Why Britain needs its own Jon Stewart

In 2010, Helen Lewis looked back over a decade of The Daily Show and wondered - as Channel 4 decided to cut back its syndication - why Brits couldn't be so lucky as to have as good a satirist on TV every day as Jon Stewart.

In the snow-fixated run-up to Christmas, Channel 4 buried some terrible news: instead of showing all four episodes of The Daily Show with Jon Stewart throughout the week on its digital channel, in future it will broadcast just one weekly round-up.

This US import is evidently too expensive and its audience too niche, even for More 4. It's a crying shame. For anyone who doesn't know what the fuss is about -- and believe me, in the US The Daily Show causes plenty of fuss -- let me tell you why this is possibly the best programme on television. But first, a quick history lesson.

In 1996, a late-night satirical programme called The Daily Show started on a US cable channel called Comedy Central. Its host was Craig Kilborn and the focus was firmly on celebrities and pop culture. But when Kilborn left two years later and a spiky stand-up comedian called Jon Stewart took the reins, everything changed. From the start, Stewart was more interested in the national media and politics than the state of Britney's head or Lindsay Lohan's underwear.

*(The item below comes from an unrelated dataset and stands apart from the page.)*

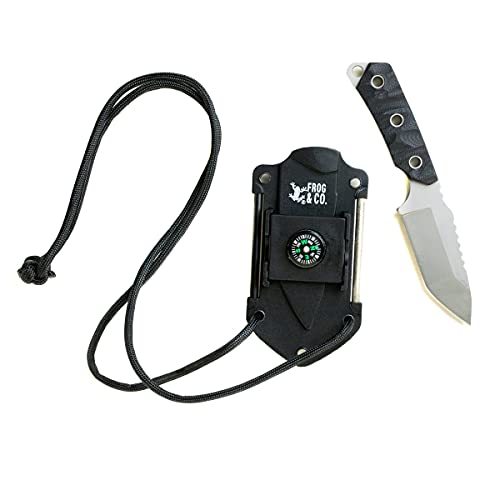 Small Fixed Blade Knife with Sheath - Full Tang Survival Hunting Knife with Paracord Lanyard, Compass, Fire Starter, & Knife Sharpener for Outdoor Camping - Quality Tactical Knife with Sheath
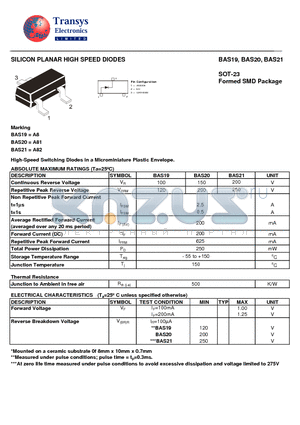 BAS21 datasheet - SILICON PLANAR HIGH SPEED DIODES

I started watching in about 2002, by which time the show had already experienced the two events that were to change it for ever -- the election of George W Bush as US president in 2000 and al-Qaeda's attack on New York on 11 September 2001.

The latter was superbly handled by the show; back on air on 20 September, Stewart delivered a monologue on the resilience of New York and the importance of comedy during times of tragedy, which managed to be touching rather than mawkish. (You can see it here.)

In the months that followed, the right-wing press howled about "anti-Americanism" every time anyone disagreed with President Bush. (For all its shortcomings, Aaron Sorkin's Studio 60 on the Sunset Strip evokes this period wonderfully).While the Republicans exulted in their monopoly on patriotism, the Democrats seemed even more supine than usual. But cometh the hour, cometh the satirist and Jon Stewart was in his element. Cheap but funny attacks on Bush's mangling of the English language gave way to biting criticism of the invasion of Iraq and the contempt with which the White House treated anyone who dared to question it.

The war was promptly christened "Mess O'Potamia" and senior Bush officials were skewered for their contorted explanations of why it was necessary. My particular favourite has to be Condoleezza Rice's claim that no one in the White House had given any thought to what might happen if al-Qaeda attacked America because the possibility seemed so remote. The show then gleefully played a clip from her testimony to the 9/11 commission, where she confessed to receiving a briefing in August 2001 called ""Bin Laden determined to attack inside the United States." (Now try to imagine a British show using a Commons committee hearing to such devastating effect.)

By the time the 2004 presidential elections rolled around, The Daily Show had become an established voice of opposition to President Bush. But it didn't spare his Democratic rival John Kerry, who was ruthlessly mocked for his boring speeches and let-them-eat-cake-isms. When YouTube launched in 2006, some of the first videos to attract millions of views were of Stewart - including his 2004 his appearance on CNN's debate show Crossfire.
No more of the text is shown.